If you do need to act based upon the returned data, you still have
a couple of alternatives. For any of this, however, I'd recommend
that you switch to using the socket primitives directly and avoid
the higher-level write/readline type of methods. (See the ruby
socket documentation on recv and send.) It's not that you can't
do the work from IO objects, just that things will be easier to
understand and have less "magic" going on between you and the
remote system.

So, you could use a "go-ahead" mechanism. (See the early telnet
documents for a full explanation of this, e.g., RFC 854.) For
example, you could have the remote shell always send some token,
say '@', when it's done. Then you could wait for this before
sending data.

Beyond that level of solution, you probably need to run multiple
threads in your client side, in a manner analogous to what you
would do hen interacting with a local child process via the IO.popen
method. In this case you would have one thread examining data
read from the remote shell and sending state change information
to another thread, which would be sending the relevant data. See
examples for popen -- but remember that most examples of use of
popen will not be handling the problem with the lack of a New-Line.
You could also look at user-side telnet implementations, but here
it will be difficult to see the strategy amongst all the details
of character set translation and option negotiation.

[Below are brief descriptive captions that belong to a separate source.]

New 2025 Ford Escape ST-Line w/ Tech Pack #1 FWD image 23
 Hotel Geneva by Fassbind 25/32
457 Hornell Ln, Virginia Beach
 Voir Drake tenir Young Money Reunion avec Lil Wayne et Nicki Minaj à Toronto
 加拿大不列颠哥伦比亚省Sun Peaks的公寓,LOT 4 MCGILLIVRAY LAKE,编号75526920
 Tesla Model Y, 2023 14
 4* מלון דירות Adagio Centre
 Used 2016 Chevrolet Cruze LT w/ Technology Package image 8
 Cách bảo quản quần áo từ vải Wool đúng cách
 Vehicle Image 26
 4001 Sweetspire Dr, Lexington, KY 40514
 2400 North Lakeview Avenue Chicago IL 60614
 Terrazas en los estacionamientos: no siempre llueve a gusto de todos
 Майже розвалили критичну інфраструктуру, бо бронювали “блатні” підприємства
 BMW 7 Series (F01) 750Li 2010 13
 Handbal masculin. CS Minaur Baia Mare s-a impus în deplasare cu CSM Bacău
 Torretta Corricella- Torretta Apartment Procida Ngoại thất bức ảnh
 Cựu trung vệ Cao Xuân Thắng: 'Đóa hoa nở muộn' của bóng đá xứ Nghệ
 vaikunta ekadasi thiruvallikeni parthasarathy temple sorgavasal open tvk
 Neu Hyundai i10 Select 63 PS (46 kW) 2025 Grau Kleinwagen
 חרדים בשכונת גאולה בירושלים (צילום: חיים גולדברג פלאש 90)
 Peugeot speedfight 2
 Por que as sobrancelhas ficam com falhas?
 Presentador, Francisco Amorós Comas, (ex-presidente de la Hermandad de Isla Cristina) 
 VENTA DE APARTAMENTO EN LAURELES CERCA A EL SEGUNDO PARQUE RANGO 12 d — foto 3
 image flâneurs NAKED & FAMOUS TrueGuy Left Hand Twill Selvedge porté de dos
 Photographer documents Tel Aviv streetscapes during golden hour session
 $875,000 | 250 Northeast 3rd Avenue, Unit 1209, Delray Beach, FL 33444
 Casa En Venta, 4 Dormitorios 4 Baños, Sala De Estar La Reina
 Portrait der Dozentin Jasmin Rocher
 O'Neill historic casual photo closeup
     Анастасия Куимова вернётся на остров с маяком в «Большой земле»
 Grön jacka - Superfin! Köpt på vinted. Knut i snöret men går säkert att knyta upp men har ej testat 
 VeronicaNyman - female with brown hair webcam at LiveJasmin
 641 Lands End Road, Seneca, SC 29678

Metasploit has its own library for this kind of
stuff. I think it is called Metasploit Rex. Looking at the sources I
see some references to Rex::IO::Stream. I find it complex and I would
like to avoid something that needs external libraries.

Sorry, never had occasion to look at them.
Can the above snippet be improved? Is there a better way of emulating
Netcat? Is it possible to use Net::Telnet? Thanks everyone.

See above.
Eduardo Tongson

- dmw
 
E

Eduardo Tongson

My exploits are only for 'educational' purposes. I will look into
using raw sockets as you suggested. Thanks Douglas.